Test booting a RamOS on a 4000 MB (3.9 GB) VHD (Not compressed):
Just saw on a1ive's grub2 official releases page there is a new version, released a few hours ago, I decided to download it and after create the respective x86 and x64 efi versions and the core.img file, I used it for this test.
Only to test the limits I ran this test.
I was able to Ramboot a 4000 MB VHD NTFS single partition, on same PC with 8 GB of Ram, in this case this is same normal (uncompressed) installation, and it booted fine.
To test this, I increased the VHD size in command line and latter just expanded the single NTFS partition and edited the grub.cfg, the VHD was not fragmented when cheked with Winconting.
menuentry "Boot /VHD/10x64-39.vhd - UEFI Grub2 SVBus RAMDISK - 3.9 GB" {
efiload /EFI/grub/ntfs_x64.efi
search --file --set=vhd_drive --no-floppy /VHD/10x64-39.vhd
map --mem --rt ($vhd_drive)/VHD/10x64-39.vhd
boot
}
menuentry "Boot /VHD/10x64-39.vhd -l UEFI Grub2 SVBus RAMDISK - 3.9 GB" {
efiload /EFI/grub/ntfs_x64.efi
search --file --set=vhd_drive --no-floppy /VHD/10x64-39.vhd
map --mem --rt -l ($vhd_drive)/VHD/10x64-39.vhd
boot
}
The first menuentry without -l booted fine.

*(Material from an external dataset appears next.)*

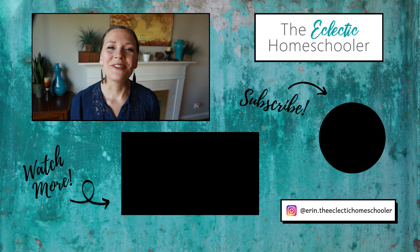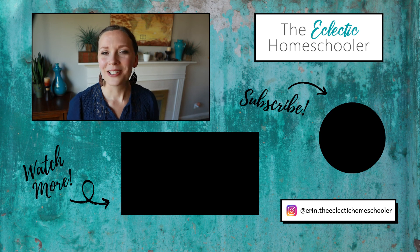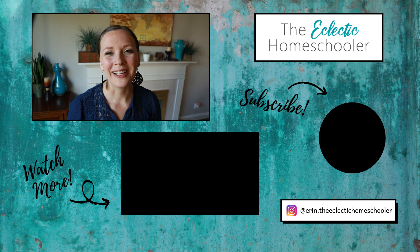After hearing about each of these styles, which do you think fits you best? Or have you been homeschooling for a while and already have a method that you love? Let me know in the comments below. If you enjoyed this video, please hit that thumbs up button and share it with anyone you think might find it helpful. Thanks so much for watching — be blessed today!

The second menuentry with -l do not load to Ram.
I don't think it is a good idea to go further as the memory above 4 GB available on this PC, is 4 GB or 4096 MB.
Then I can conclude using a1ive's Grub 2 we can make use of all the memory available on the PC above 4 GB, without any issue.